> Task details: An exact copy is needed of the lines in the entries below from the line with "A close-up photograph" up to and including the line with "Junge Frau Ausbildung, rührende", and of nothing else. Leave the pictures out.

> Short descriptive text snippets:
※
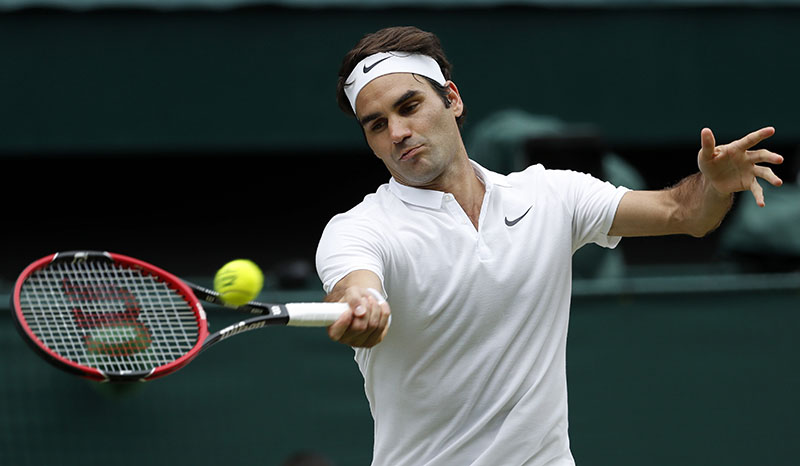 FILE - Roger Federer of Switzerland returns to Milos Raonic of Canada during their men's semifinal singles match at the Wimbledon Tennis Championships in London, on July 8, 2016. Photo: AP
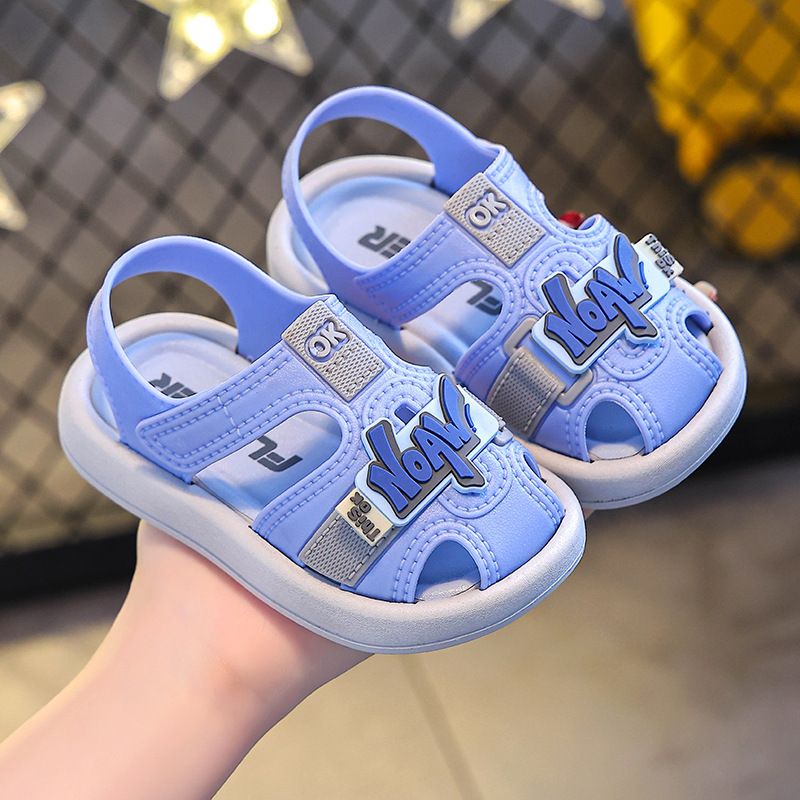 Sandalias para bebés varones de verano nuevas zapatos de playa transpirables de dedos abiertos zapatos para bebés con suela suave antideslizante.
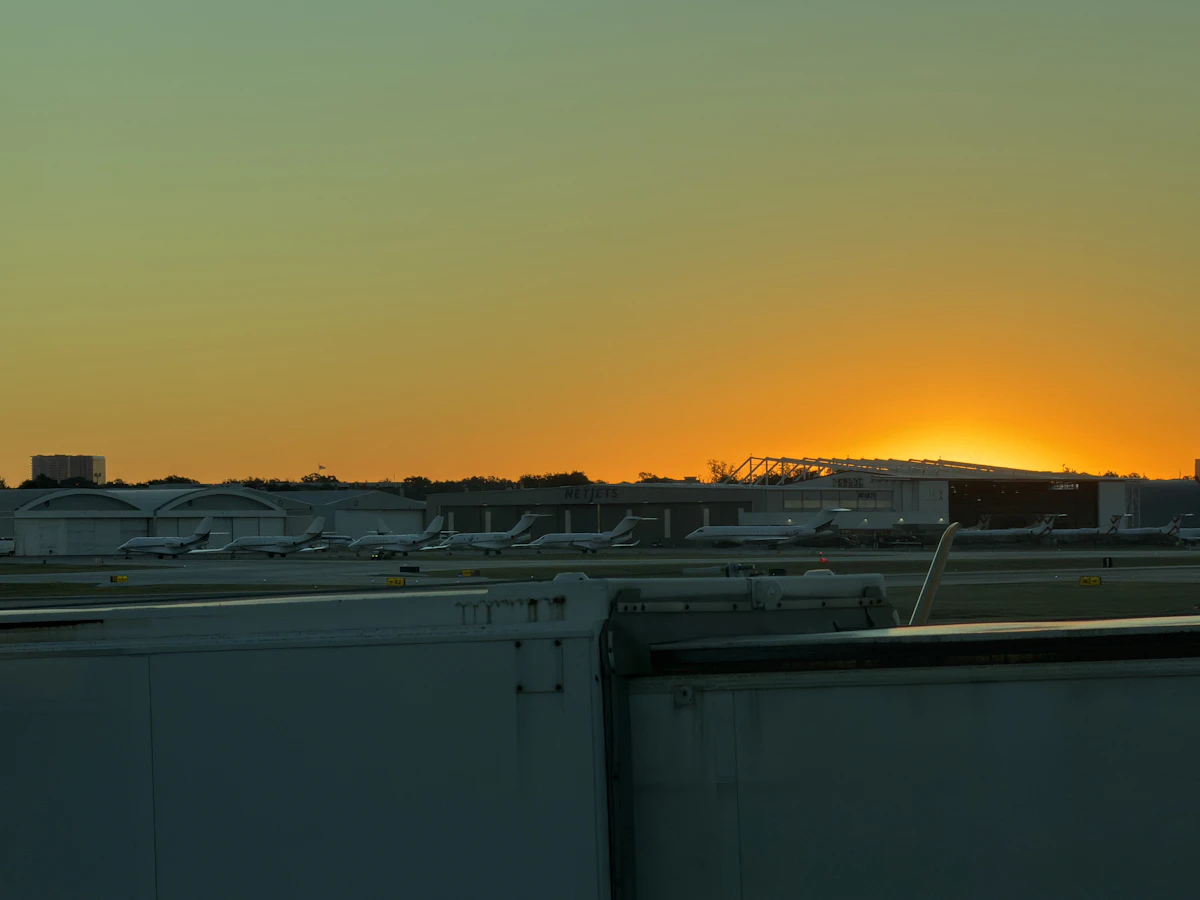 Airplane parked at an airport gate at sunset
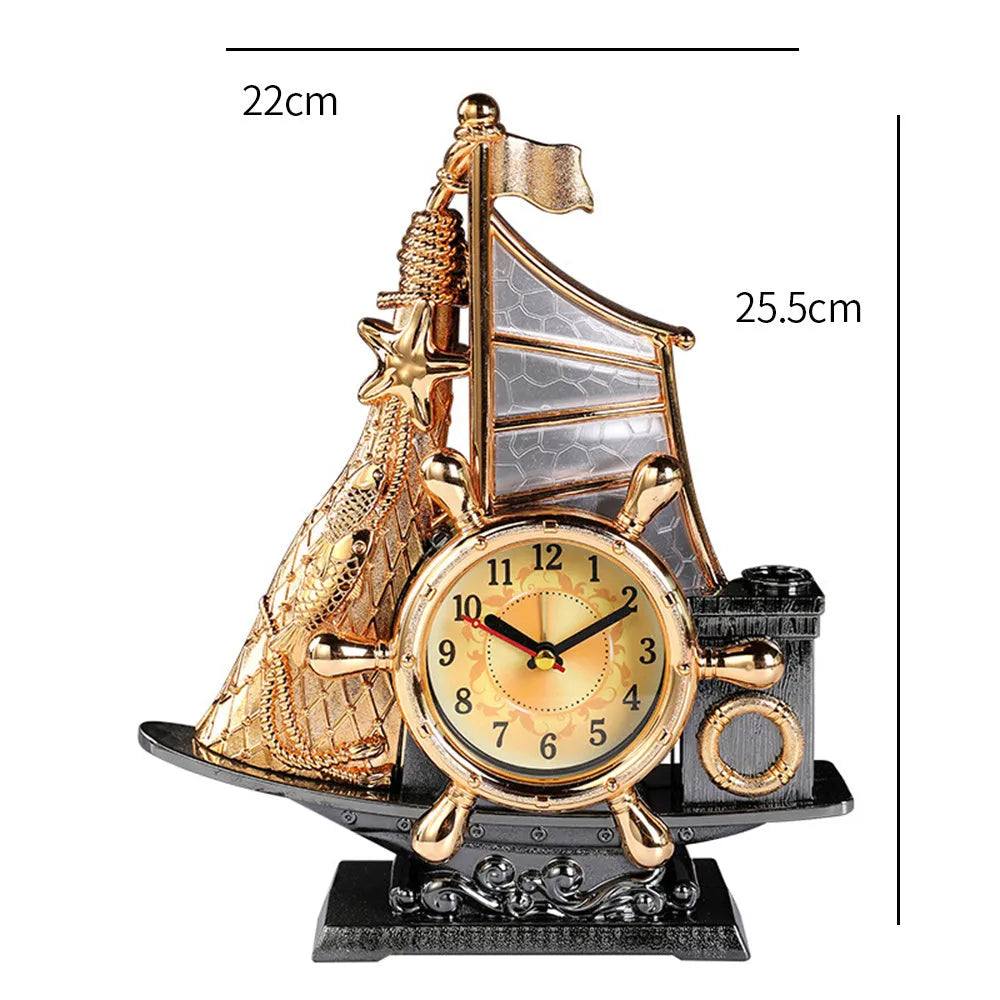 Fashion bedroom clock with gold or silver finish on plastic housing measuring 22.6cm wide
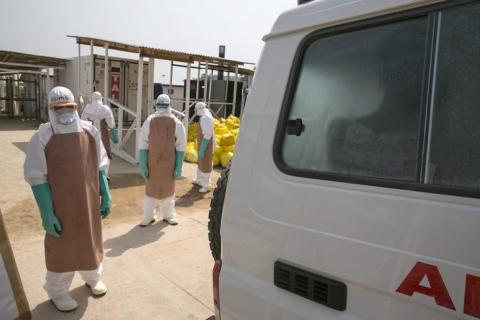 Healthcare workers prepare to disinfect an ambulance transporting a newly admitted Ebola patient at the entrance to the Save the Children Kerry Town Ebola treatment centre outside Freetown, Sierra Leone, December 22, 2014. PHOTO BY REUTERS/Baz Ratner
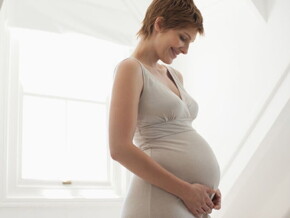 Femme enceinte tenant tendrement son ventre, illustrant l’importance de l’acide folique et des vitamines pendant la grossesse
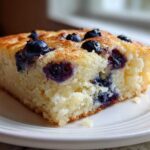 Close-up of a square slice of fluffy blueberry sheet pan pancakes served on a white plate.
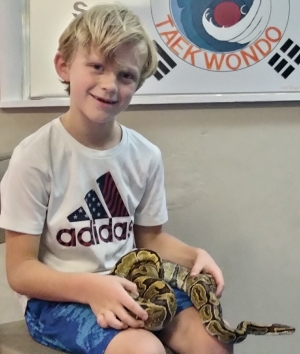 Judah holding Pauline, our female ball python.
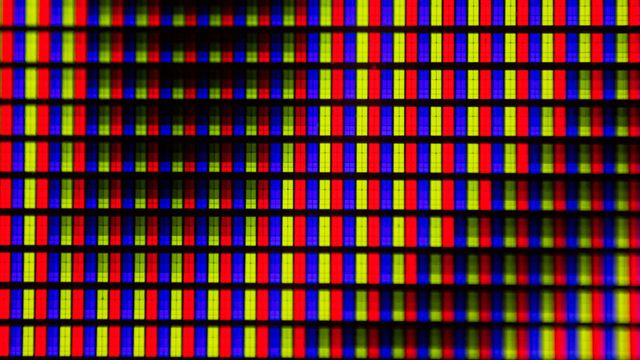 A close-up photograph of blue, red and yellow pixels in a liquid crystal display (LCD) screen. 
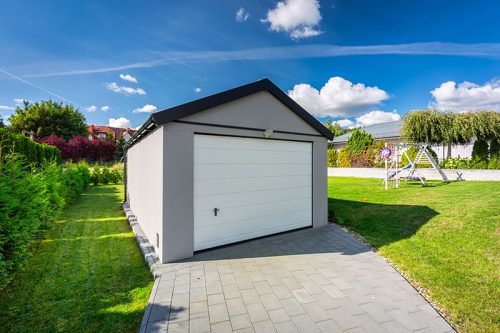 A detached garage in a green garden at summer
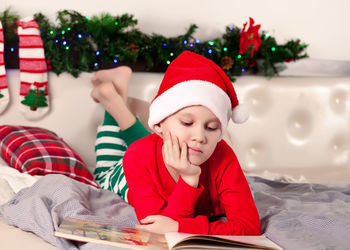 High angle view of girl playing with christmas tree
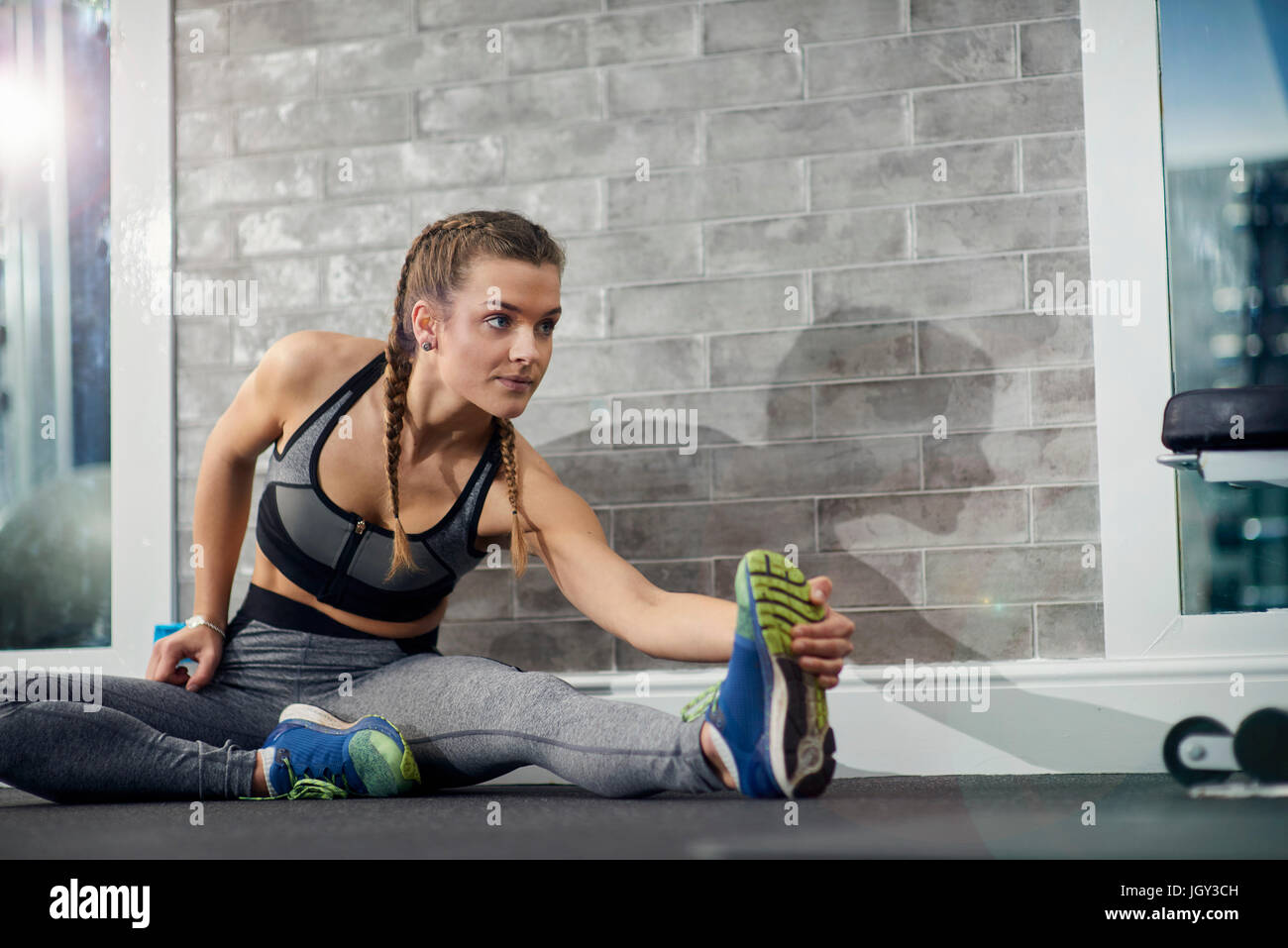 Junge Frau Ausbildung, rührende Zehen im Fitness-Studio Stockfoto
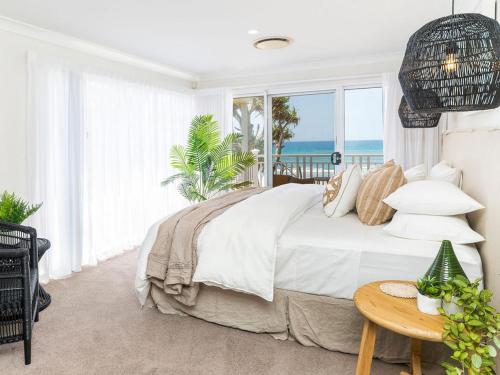 a bedroom with a bed with a view of the ocean at Absolute Beachfront Family Size Home in Gold Coast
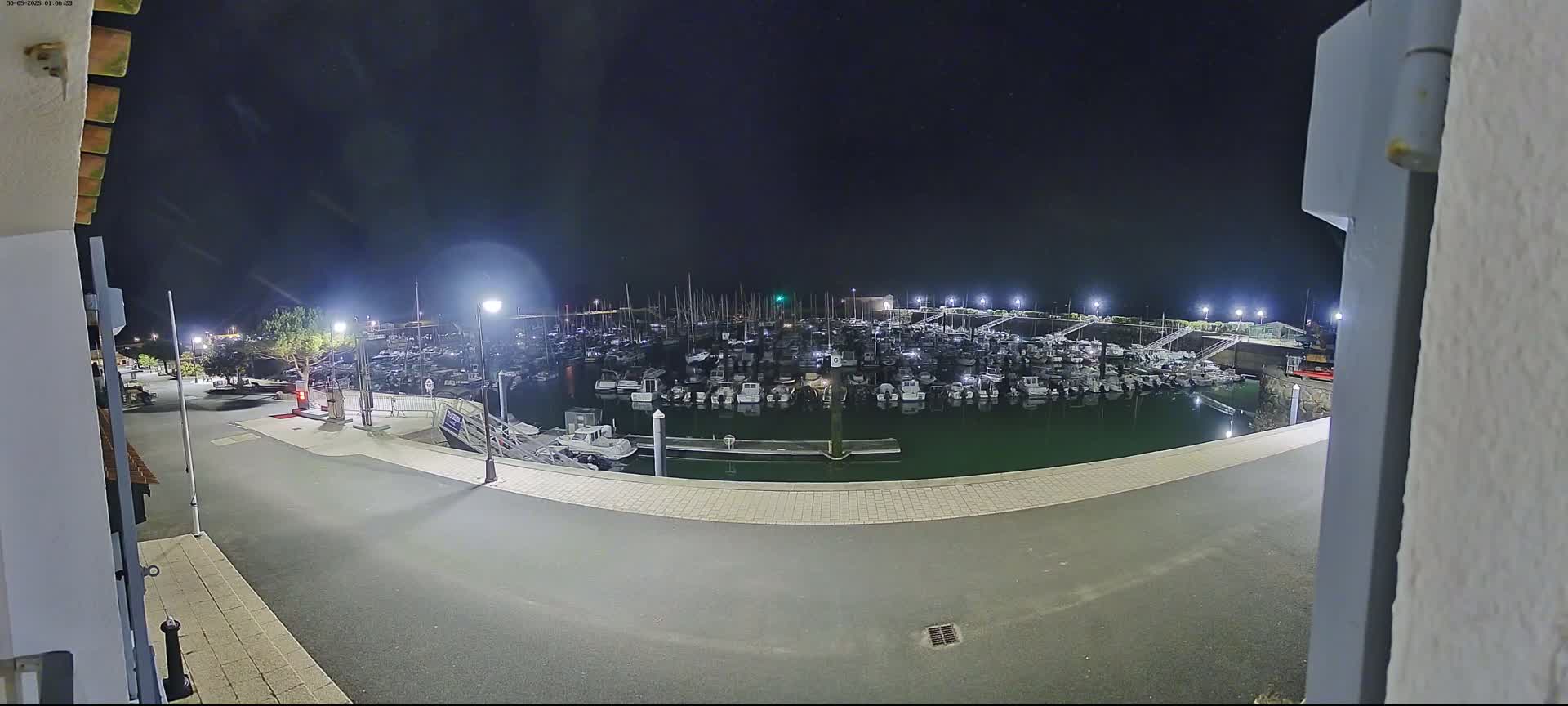 A nighttime view of a marina filled with numerous boats under a clear, dark sky.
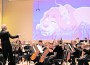 Eduardo Marturet conducts the Miami Symphony Orchestra in a concert of Disney music while images from Disney classics are project above the orchestra.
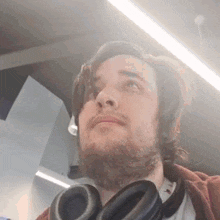 a man with a beard is wearing headphones and looking up at the ceiling .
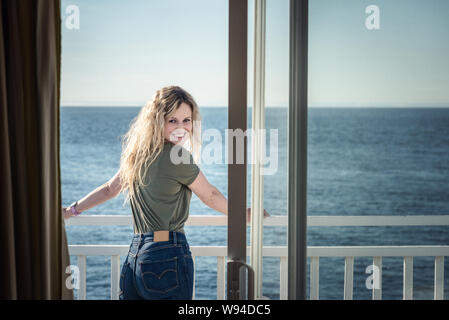 Blond woman lsmilling at the camera from hotel room Stock Photo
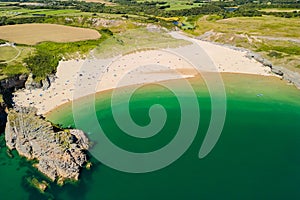 Aerial view of a huge sandy beach and clear waters Broad Haven South, Pembrokeshire, Wales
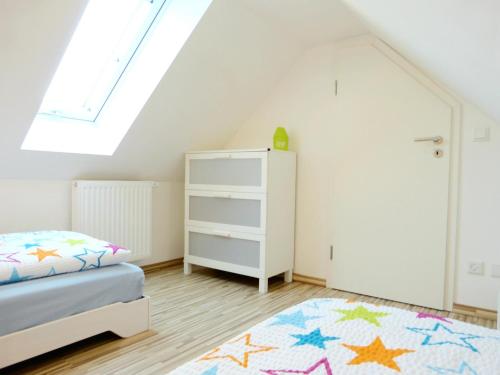 a bedroom with a bed and a white cabinet at Ferienwohnung Seenlandwinkel in Wackersdorf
※
> Your solution:
 A close-up photograph of blue, red and yellow pixels in a liquid crystal display (LCD) screen. 
 A detached garage in a green garden at summer
 High angle view of girl playing with christmas tree
 Junge Frau Ausbildung, rührende Zehen im Fitness-Studio Stockfoto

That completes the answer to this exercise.